Articolo pubblicato su Il Becco il 29 aprile 2021, l’originale cliccando qui.
Il nuovo libro di Massimo Carlotto, edito da Rizzoli, nella collana Nero, ha come titolo E verrà un altro inverno. Essendo nelle librerie da pochi giorni è bene evitare ogni riferimento allo sviluppo narrativo.
Ci sono però alcuni elementi che possono essere esplicitati per dare ragione della necessità di sfogliare e consumare la sua ultima fatica, specialmente guardando alla solitudine sui nostri territori e alle comunità in cui viviamo.
Le nostre società sono guidate dalla legge del profitto, che necessariamente si basa su una divisione tra classi, con una parte di umanità sfruttata e dinamiche strumentali da cui pare impossibile potersi liberare.
In modo quasi ossessivo tornano i maggiorenti, quella parte al governo dell’economia che può permettersi di fare ciò quello che vuole, contando su un’impunità possibile grazie a un sistema giudiziario che continuamente risente dei rapporti di forza concreti e reali. Nella logica dell’accumulo di ricchezza come unico scopo è chiaro che legale e illegale non hanno più alcun reale significato, il confine svanisce e tutto si traduce in una distinzione tra chi perde e chi vince
Non esiste quindi una giustizia astratta e neanche un senso del giusto. Ogni vita è vittima di un sistema dove è la stessa umanità a essere ostile alle dinamiche del capitalismo. Se una persona prova dolore è bene che si curi con i farmaci: il lutto per una persona morta sul luogo di lavoro fa parte dell’inevitabilità del presente e può essere solo sedato, affogato. In attesa che ritorni un altro inverno.

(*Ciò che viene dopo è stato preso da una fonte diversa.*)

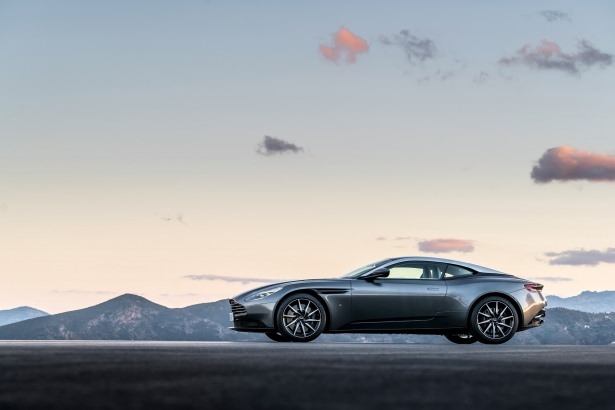 Aston Martin DB11 Türkiye'ye geliyor 13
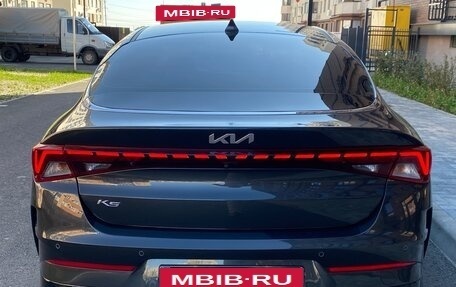 KIA K5, 2021 год, 2 350 000 рублей, 5 фотография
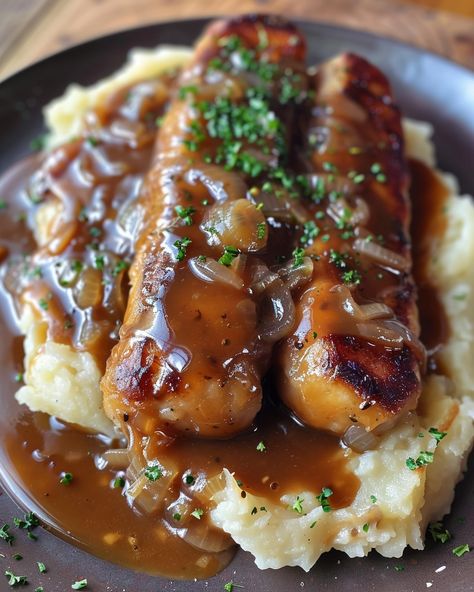 BANGERS AND MASH WITH ONION GRAVY 🌭🥔 Ingredients: For the Bangers and Mash: 8 pork sausages (bangers) 2 lbs potatoes, peeled and cubed 1/2 cup milk 1/4 cup butter Salt and pepper, to taste For the Onion Gravy: 2 tbsp butter 2 large onions, thinly sliced 1 tbsp all-purpose flour 2 cups beef broth 1 tbsp Worcestershire sauce Salt and pepper, to taste Fresh parsley, chopped (optional, for garnish) Directions: Step 1: Cook the Sausages In a large skillet over medium heat, cook the sausages f... Sausage And Mash, Pork Sausages, Gravy Ingredients, Food Fest, Bangers And Mash, Onion Gravy, The Onion, 30 Minute Meals, Beef Broth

Ogni tipo di relazione risente del contesto e si consuma al suo interno. Anche le relazioni solidali in una valle di provincia, dove la dimensione collettiva dovrebbe essere più tutelata di quanto avviene nelle grandi città, sono al servizio di uno sviluppo insostenibile per le persone, oltre che per l’ambiente.

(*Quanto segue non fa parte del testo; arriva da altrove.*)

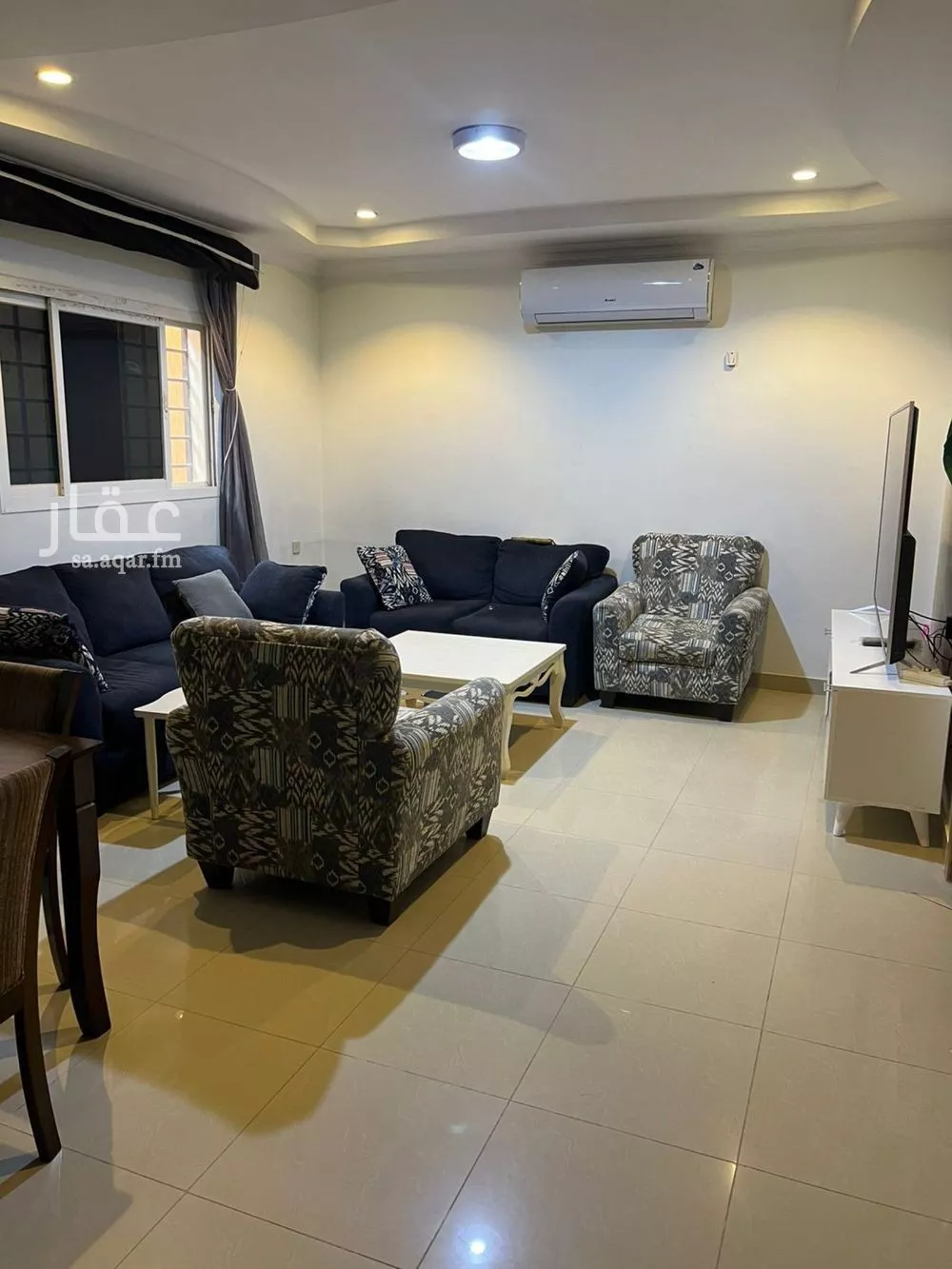 فيلا 11 غرف في العقيق 5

Non c’è traccia della crisi pandemica, per scelta esplicita dell’autore, ma il libro parla del tempo presente e di noi.
Il settentrione italiano non è un luogo astratto. Carlotto utilizza le dinamiche di quella parte di mondo per evidenziare le conseguenze di leggi (economiche) sempre più globali, ma dal diverso impatto.

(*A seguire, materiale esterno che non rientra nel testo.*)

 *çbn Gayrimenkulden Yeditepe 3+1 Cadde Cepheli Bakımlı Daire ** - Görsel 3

Anche i legami familiari si sono piegati ed adattati, in modalità autodifensiva, specialmente dopo le ferite inferte dalle crisi economiche. Chi si sente vittima punta alla sopravvivenza e ambisce a poter salire sulle zattere delle persone apparentemente salve, che a loro volta hanno come unico obiettivo quella di poter tutelare la propria diversità.
L’orizzonte di senso della vita si è frantumato e sgretolato, schiacciato sulla misura del successo attraverso l’ostentazione del consumo. Ci si rinchiude e ci si immerge in quella guerra all’accaparramento di tutto ciò che appare a portata di mano. Non si appartiene a una classe sociale, si è semmai esclusi ingiustamente dal gruppo dei maggiorenti e delle persone ricche. Fuori da questa dimensione si appare deboli e avanzano le paure.
Quel senso di vuoto che si fa sempre più pesante, dentro di noi e attorno a noi, deve essere riconosciuto. Anche politicamente. Altrimenti nessuna via di uscita è data.
Per questo l’ultimo romanzo di Carlotto può essere anche una lettura militante, oltre che un romanzo dove la storia coinvolge e funziona: dà un’indicazione precisa di un bisogno di umanità negato dal nostro sistema economico, rafforzato dal distanziamento fisico imposto dalla pandemia e travolto da una contemporaneità digitale dove tutto è ancora più disciplinato dall’apparenza e dall’apparire.
Partire dal nostro dolore, dal nostro vuoto, per poterlo riconoscere anche in chi ci è vicino. Anche questo è parte della politica di cui abbiamo bisogno.